= WORK INSTRUCTION =
The response should consist of every line below, restated exactly, with no pictures.

= COLLECTED MATERIAL =
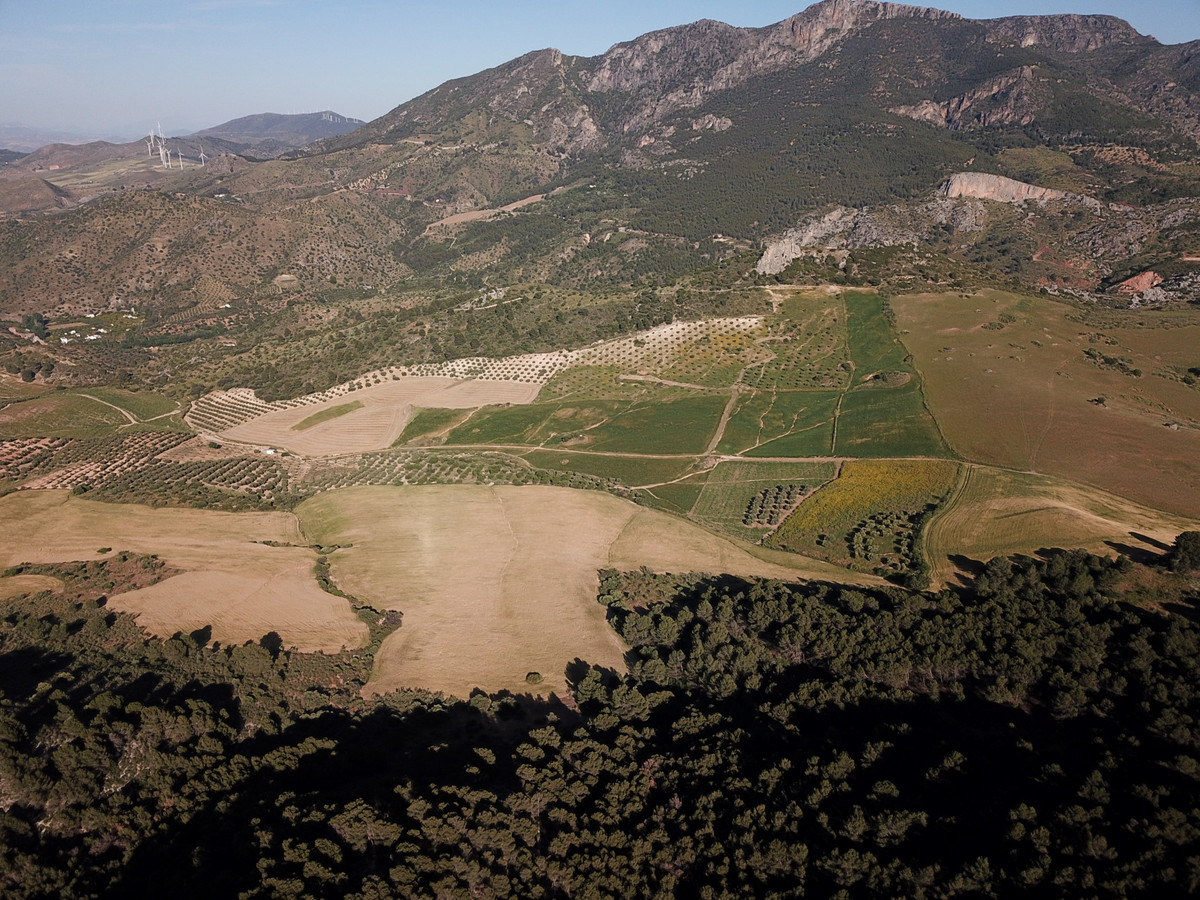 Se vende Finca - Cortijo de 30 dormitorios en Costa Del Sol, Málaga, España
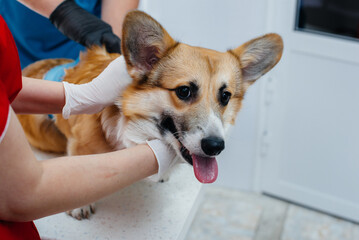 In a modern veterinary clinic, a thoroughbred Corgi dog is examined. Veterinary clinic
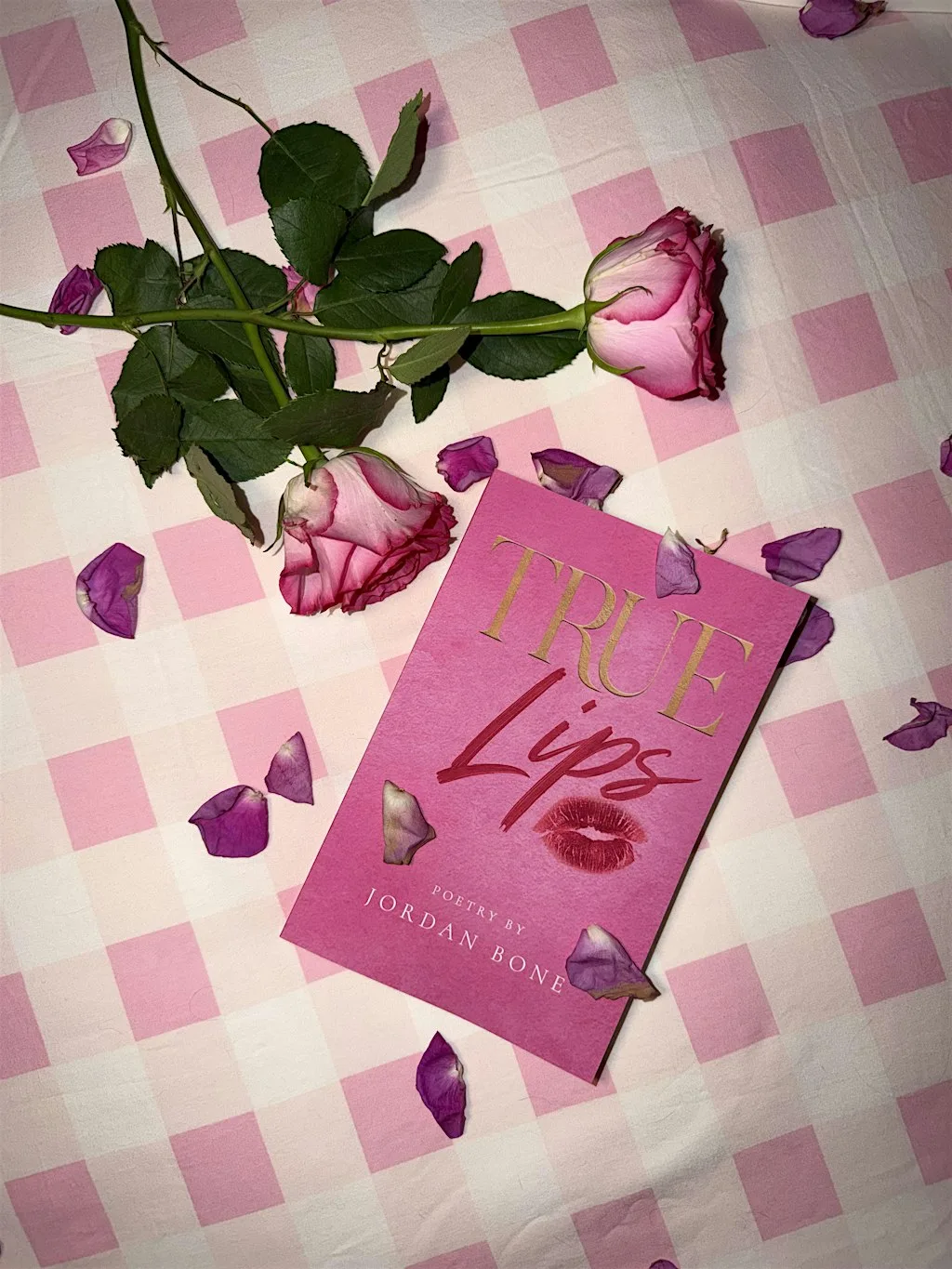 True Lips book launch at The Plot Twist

= COMPLETED TASK =
 Se vende Finca - Cortijo de 30 dormitorios en Costa Del Sol, Málaga, España
 In a modern veterinary clinic, a thoroughbred Corgi dog is examined. Veterinary clinic
 True Lips book launch at The Plot Twist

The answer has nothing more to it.